What is a math graph
It is believed that the concept of the graph was introduced into everyday life in the eighteenth century by Leonard Euler. It was he who voiced the formulation and solution of one of the classical problems of this theory - the seven bridges of Koenigsberg. In order to explain the object of this theory, they often use an analogy such as movement between different cities. Then the graph on the plane will represent the entire route scheme, where the points will be specific points (for example, cities), and the edges will be the paths from one peak to another (an analogue of the road between cities). Dijkstra's algorithm, among other ways, can provide a solution to this issue.
Finding the Shortest Way
One of the standard problems of graph theory is one in which it is necessary to determine the optimal cost path between two points. It can be reduced on the plane to the solution of the graph, in which the peaks - cities - are interconnected by edges, which are possible roads. Moreover, each road has its own length, therefore, to travel along it will have to spend certain funds. This sum is equivalent to the weight of the edge on the graph. Then the task in practice can be formulated as follows: how to pave the way from one city to another in order to spend minimal money on the road.
Solutions
To solve this problem, some algorithms were invented that became widely known in the scientific world. For example, the Floyd-Warshell, Ford-Bellman algorithm. The classic way to find a solution is also Dijkstra's algorithm.

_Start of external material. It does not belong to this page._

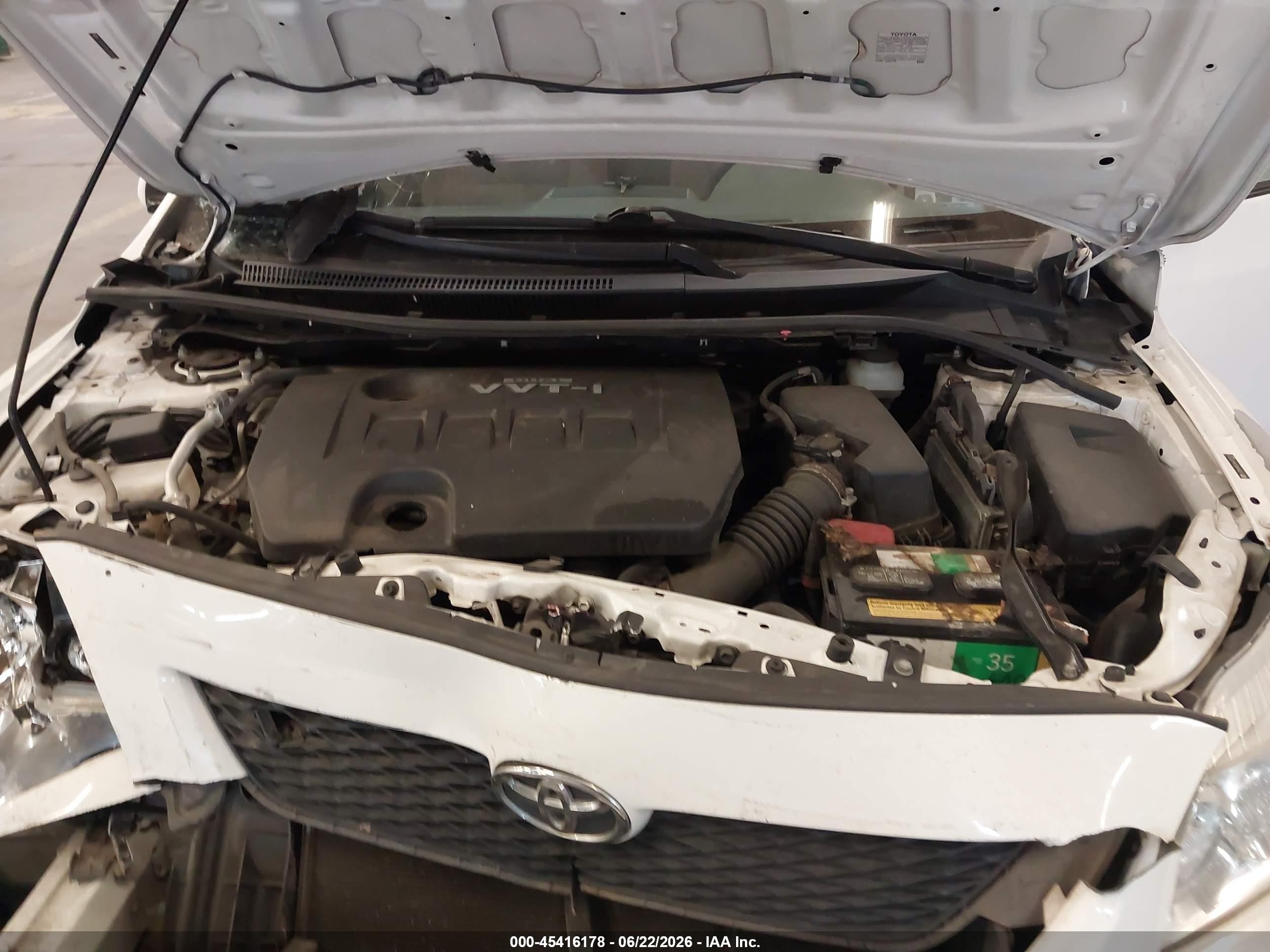 2010 Toyota Corolla Le White vin: JTDBU4EE6AJ079131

It can be used both for a weighted (the weight of each edge is known) graph and for a sparse one. To find the final path, you need to do a few steps.
Dijkstra's Algorithm
The meaning of this method is that all vertices are traversed, starting with the given one, and each one is assigned a label with a certain value. Then, the vertices whose labels are minimal are included in the result. At the first step, the initial vertex is assigned a label with the value 0. Then all the following vertices are considered, that is, those that can be reached from the original. They are assigned labels, the value of which is defined as the sum of the source and the weight of the path. From the vertices of the next step, select the one that has the least label value, and examine all the vertices to which you can go from it without using intermediate vertices. A new label value is determined, equal to the vertex label - the source plus the weight of the path. If the received value is less than the vertex label, then the label changes. Otherwise, the original value remains. In this case, in a separate array, the dimension of which is equal to the number of vertices of the graph, the optimization result is saved, by which the path is determined. To implement a method such as Dijkstra's algorithm, Pascal offers very convenient tools. The algorithm has the advantage that it can easily be the basis of a program that is small in size. Examples of such software products are easy to find on the Internet.
To solve the problem of finding the optimal path, you can use various means. For a solution such as Dijkstraβs algorithm, Delphi will allow you to create a visual convenient form for inputting source data and outputting the final result.